INFORMATION GIVEN>
○ ○ ○ ○

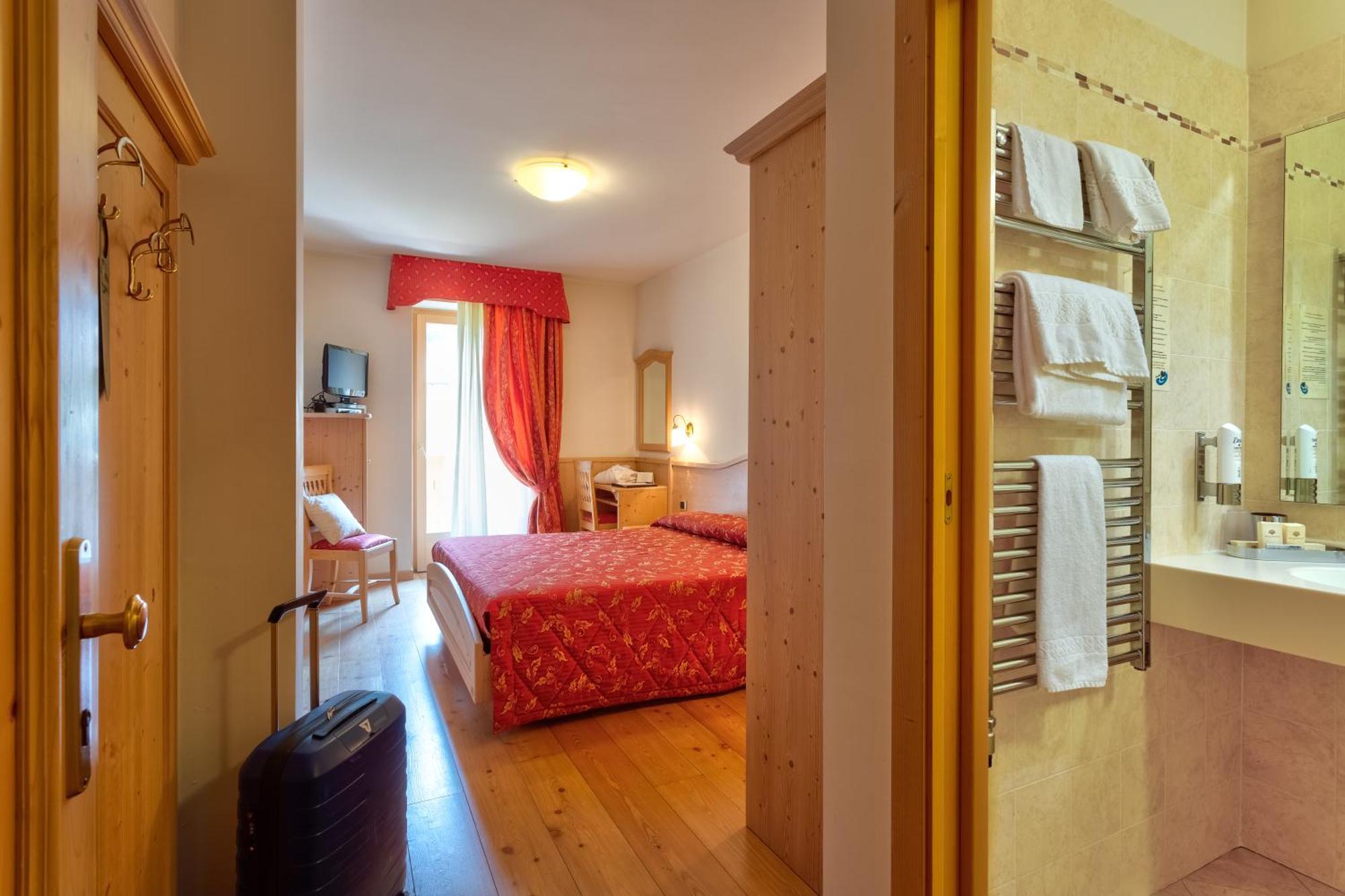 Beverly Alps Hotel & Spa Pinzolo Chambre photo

○ ○ ○ ○

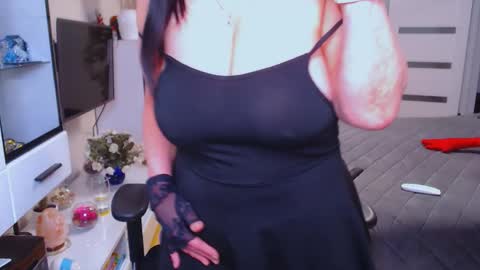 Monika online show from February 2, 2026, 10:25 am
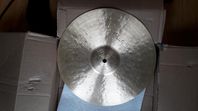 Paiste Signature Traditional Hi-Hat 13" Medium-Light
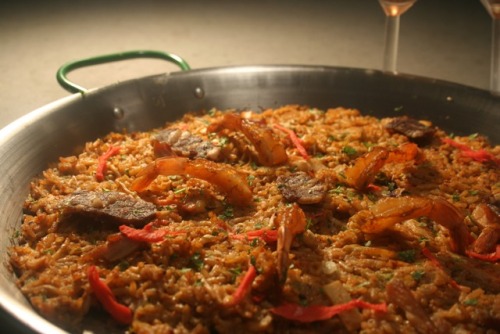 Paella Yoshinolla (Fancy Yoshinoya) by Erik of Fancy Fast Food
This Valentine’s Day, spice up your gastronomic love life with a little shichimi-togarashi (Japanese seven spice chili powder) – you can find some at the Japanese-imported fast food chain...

○ ○ ○ ○

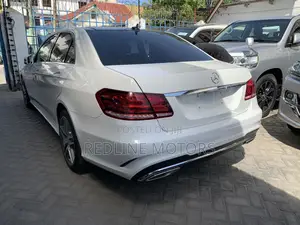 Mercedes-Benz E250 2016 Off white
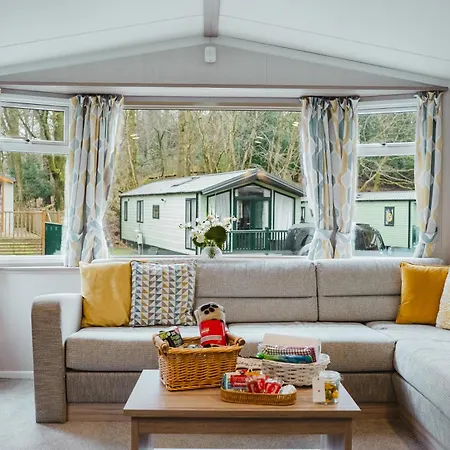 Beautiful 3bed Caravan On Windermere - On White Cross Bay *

○ ○ ○ ○

Treat the line with "Mercedes-Benz E250 2016 Off white" as the start and the line with "Beautiful 3bed Caravan" as the end, and return exactly that span of the data above, both ends included, without pictures.

RESPONSE>
 Mercedes-Benz E250 2016 Off white
 Beautiful 3bed Caravan On Windermere - On White Cross Bay *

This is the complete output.